Property Merge Strategy
When a connector submits a property that already exists in the database (identified by its address_hash), Mill does not blindly overwrite the existing record. Instead it applies a field-level merge strategy that preserves enriched or higher-quality data while still accepting fresh updates from the source.
This page explains the rules, the reasoning behind each one, and the edge cases to be aware of.
Why a merge strategy is necessary
Section titled “Why a merge strategy is necessary”Multiple connectors can submit data for the same physical address — for example, a property on the same street might appear in both homes.co.nz and a direct MLS feed.
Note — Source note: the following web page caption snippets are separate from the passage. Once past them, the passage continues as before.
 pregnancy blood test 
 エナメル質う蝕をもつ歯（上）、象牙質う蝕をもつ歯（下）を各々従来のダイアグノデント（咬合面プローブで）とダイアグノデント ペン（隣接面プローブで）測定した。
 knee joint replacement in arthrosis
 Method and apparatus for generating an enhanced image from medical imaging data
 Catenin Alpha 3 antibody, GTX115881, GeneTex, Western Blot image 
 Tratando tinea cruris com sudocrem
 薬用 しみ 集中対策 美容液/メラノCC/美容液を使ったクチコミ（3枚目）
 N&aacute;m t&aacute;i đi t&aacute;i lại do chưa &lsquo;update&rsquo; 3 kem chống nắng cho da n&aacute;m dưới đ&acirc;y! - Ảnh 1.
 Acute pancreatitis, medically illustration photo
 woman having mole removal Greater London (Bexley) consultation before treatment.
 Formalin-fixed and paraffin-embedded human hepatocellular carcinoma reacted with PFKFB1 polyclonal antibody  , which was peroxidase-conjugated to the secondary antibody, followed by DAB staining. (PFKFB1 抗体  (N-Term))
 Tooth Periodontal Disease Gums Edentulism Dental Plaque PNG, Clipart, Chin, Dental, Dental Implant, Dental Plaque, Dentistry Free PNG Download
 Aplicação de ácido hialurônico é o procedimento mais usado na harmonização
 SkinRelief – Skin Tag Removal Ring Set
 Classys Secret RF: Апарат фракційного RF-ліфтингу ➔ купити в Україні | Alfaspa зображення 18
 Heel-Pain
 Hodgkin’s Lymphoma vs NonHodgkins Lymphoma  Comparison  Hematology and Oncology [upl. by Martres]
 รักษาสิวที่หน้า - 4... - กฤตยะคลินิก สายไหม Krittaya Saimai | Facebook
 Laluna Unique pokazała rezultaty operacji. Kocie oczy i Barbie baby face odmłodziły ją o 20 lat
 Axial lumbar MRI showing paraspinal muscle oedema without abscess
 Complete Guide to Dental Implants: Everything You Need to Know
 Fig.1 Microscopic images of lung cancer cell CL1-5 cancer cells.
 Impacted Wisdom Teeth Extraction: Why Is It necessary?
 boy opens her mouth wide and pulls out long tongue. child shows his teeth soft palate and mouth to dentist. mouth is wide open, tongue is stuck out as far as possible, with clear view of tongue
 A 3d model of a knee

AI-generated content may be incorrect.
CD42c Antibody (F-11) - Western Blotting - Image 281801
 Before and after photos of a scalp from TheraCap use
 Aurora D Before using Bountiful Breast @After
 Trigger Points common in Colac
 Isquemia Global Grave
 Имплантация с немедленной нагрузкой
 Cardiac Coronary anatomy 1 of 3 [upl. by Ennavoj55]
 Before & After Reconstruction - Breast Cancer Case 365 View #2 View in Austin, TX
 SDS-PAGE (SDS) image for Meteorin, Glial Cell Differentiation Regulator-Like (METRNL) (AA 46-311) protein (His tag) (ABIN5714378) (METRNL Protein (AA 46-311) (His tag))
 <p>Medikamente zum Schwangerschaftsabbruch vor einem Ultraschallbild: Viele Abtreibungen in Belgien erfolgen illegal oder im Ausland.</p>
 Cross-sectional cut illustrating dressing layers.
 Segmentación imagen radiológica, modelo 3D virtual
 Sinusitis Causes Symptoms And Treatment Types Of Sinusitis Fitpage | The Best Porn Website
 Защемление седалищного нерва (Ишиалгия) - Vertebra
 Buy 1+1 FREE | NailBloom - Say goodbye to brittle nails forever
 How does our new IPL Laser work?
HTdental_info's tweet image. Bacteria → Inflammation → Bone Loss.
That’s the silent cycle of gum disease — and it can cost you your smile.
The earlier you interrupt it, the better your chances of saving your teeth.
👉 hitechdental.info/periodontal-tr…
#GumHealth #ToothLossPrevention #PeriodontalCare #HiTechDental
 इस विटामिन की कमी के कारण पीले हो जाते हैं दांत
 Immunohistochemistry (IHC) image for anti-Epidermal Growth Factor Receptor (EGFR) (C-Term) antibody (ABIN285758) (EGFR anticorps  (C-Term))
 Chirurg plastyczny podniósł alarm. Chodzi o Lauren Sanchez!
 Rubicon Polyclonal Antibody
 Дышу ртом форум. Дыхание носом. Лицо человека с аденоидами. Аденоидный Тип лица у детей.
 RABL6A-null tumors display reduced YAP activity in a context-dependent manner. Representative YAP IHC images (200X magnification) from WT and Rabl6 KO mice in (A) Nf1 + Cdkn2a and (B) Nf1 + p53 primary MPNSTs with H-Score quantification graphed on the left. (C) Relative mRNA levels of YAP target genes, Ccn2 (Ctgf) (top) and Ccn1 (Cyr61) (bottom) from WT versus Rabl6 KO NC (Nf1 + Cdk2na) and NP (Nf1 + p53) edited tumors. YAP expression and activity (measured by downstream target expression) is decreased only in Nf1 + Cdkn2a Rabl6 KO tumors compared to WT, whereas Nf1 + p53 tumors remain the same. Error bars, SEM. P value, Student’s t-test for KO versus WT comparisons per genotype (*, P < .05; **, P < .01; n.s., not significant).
Each source assigns its own internal ID and may have partial information.
A naive upsert (overwrite everything) creates two problems:
- Primary key collisions — If source B’s ID for a property is the same string as an already-existing different property, overwriting
idwould violate the primary key constraint. - Data regression — Geocoding enriches a record with precise coordinates. A later connector message with no location data would wipe those coordinates, degrading quality.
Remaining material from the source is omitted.